The improved Atlas also leverages Web search as a data source, helping to ground Agentforce responses. Inline citations are now being added to agent answers that provide references to the grounding sources used.
Since its introduction, Atlas has been powered by OpenAI, along with Salesforce’s own data. Today, the company says it's getting into the hosted model game, starting with Anthropic's Claude—it'll be generally available in July. Salesforce hasn’t disclosed which specific Claude variants are available, but they’ll be accessible through Salesforce Infrastructure via Amazon Bedrock and are targeted towards customers in regulated industries. "This is a really big deal," Susannah Plaisted, Salesforce's director of product marketing for Agentforce, declares. "Those trade-offs you had to make between agent security and accuracy, they no longer have to slow you down, because you can choose to have your agents reason using Salesforce-hosted Anthropic, which means your data stays completely within the Salesforce boundary—an absolute game-changer for our customers in regulated industries."
Salesforce isn't the first company to adopt the self-hosted model, and it makes sense for companies in regulated industries. In May, Microsoft announced it is bringing first-party models to its Azure Foundry, starting with xAI's Grok 3.

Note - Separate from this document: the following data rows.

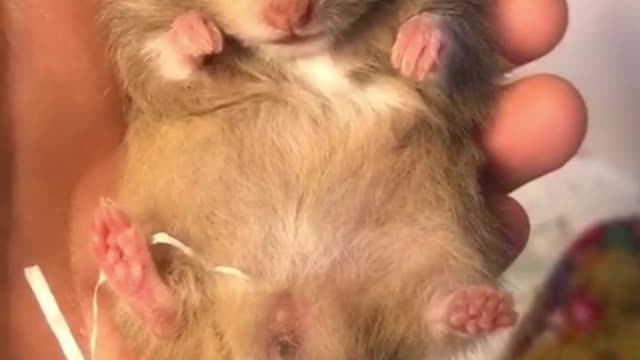 Ratty is so cute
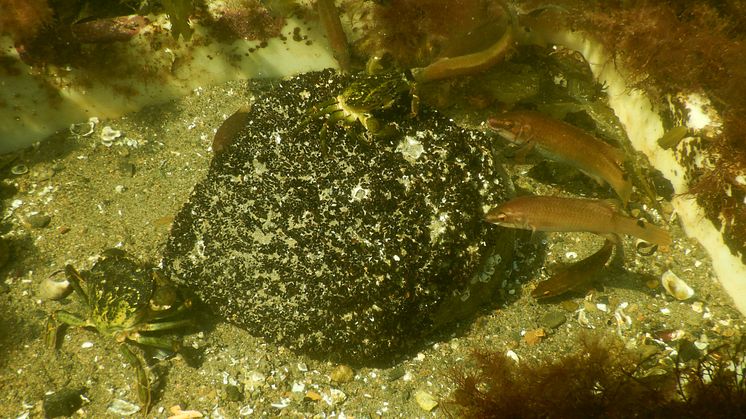 Avanserte forsøk i store tidevannsbassenger på land viser at blåskjell raskt spises opp av krabber og bergnebb. Til sammenligning ble det registrert høy overlevelse i bassengene uten predatorer. (Foto: Hartvig Christie/NIVA)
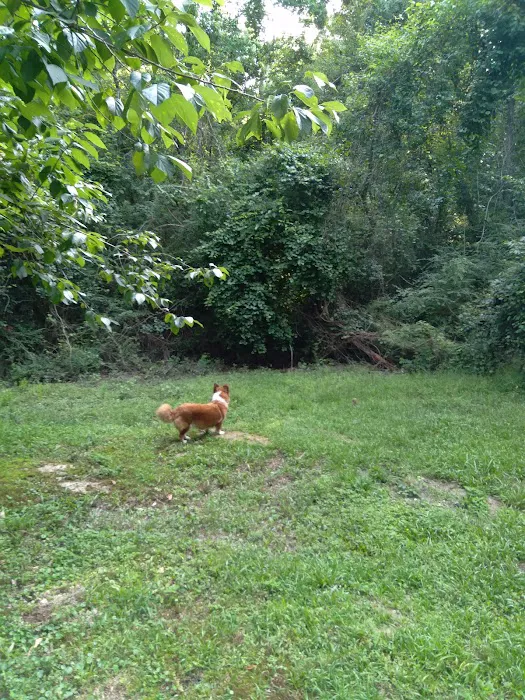 J & W Campground Picture 7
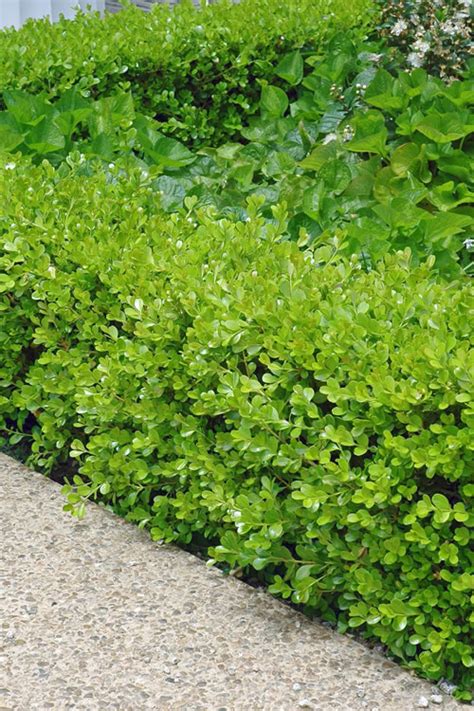 Buy Japanese Boxwood For Sale Online From Wilson Bros Gardens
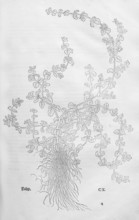 Polei mint, Polei, Flöhkraut (Mentha pulegium), woodcut by Leonhart Fuchs, from New Kreüterbuch,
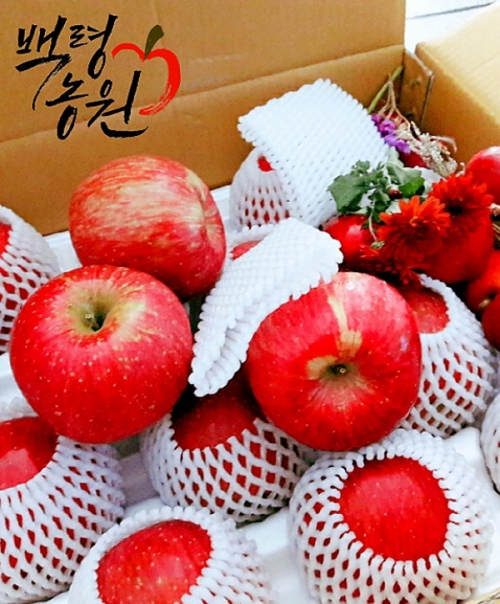 강릉팜 - 가정용흠과, 무료배송, 달콤새콤 아삭한 홍로 사과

And Claude is only the start—Salesforce discloses Google’s Gemini is coming later this year.
For those Salesforce customers outside the United States eager to try out Agentforce, the platform is being deployed in five new countries: Canada, the United Kingdom, India, Japan, and Brazil. It also supports six new languages—French, Italian, German, Spanish, Japanese, and Portuguese—with plans to add 30 more in the coming months.
Staying One Step Ahead in the AI Race
Salesforce is practically betting the farm on the digital labor movement. To help it achieve its goals, the company has been on an aggressive acquisition spree lately, not dissimilar to what Meta is doing. Among its most recent acquisitions are Informatica, the AI automation startup Convergence.io, and Moonhub. However, while those in Big Tech are pursuing either Artificial General Intelligence or Superintelligence, Salesforce appears focused on strengthening its organization and platform to facilitate a world where humans and virtual bots collaborate in the workforce.
Since launching Agentforce, Salesforce has seen a wave of competitors enter the market with their approaches to agent development. All are eager to seize on complaints from dissatisfied Salesforce customers. Agentforce 3 is its answer to that growing pressure, but will it be enough to turn the tide? Along with the addition of more observability and interoperability, this next-generation version is the first to feature Salesforce’s new simplified and flexible pricing structure. More specifically, Agentforce for Sales, Service, and Industry Cloud has adopted per-user pricing, which allows for unlimited agent actions under each license.
"All of this is really about bringing agents closer into and across the business use cases, in a hybrid workforce," Evans declares.